[Opening SUPPLIED MATERIAL section]

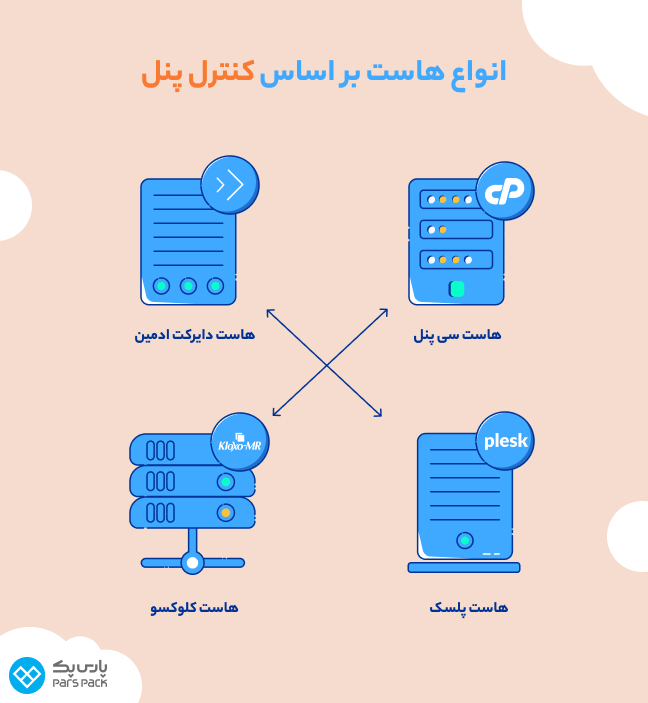 اینفوگرافیک انواع هاست براساس کنترل پنل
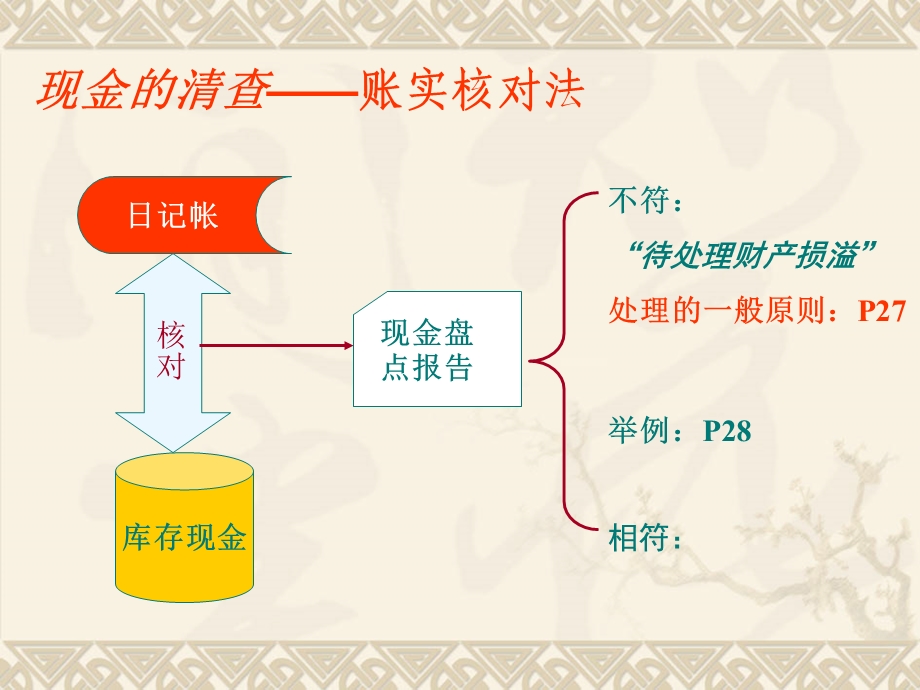 货币资金与应收款项.ppt_第3页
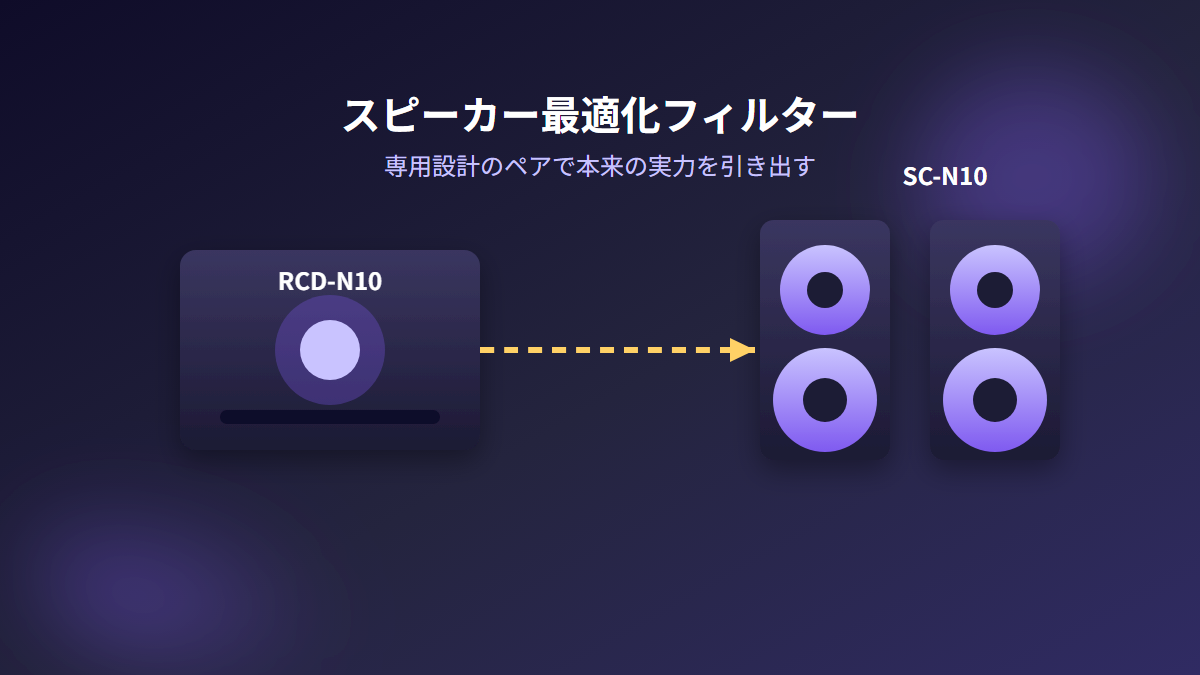 RCD-N10とSC-N10のスピーカー最適化フィルターによる連携イメージ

[Closing SUPPLIED MATERIAL section]

**INSTRUCTIONS TO FOLLOW:** Please reproduce each line of the listing above exactly, skipping pictures.

**WRITTEN RESPONSE:**
 اینفوگرافیک انواع هاست براساس کنترل پنل
 货币资金与应收款项.ppt_第3页
 RCD-N10とSC-N10のスピーカー最適化フィルターによる連携イメージ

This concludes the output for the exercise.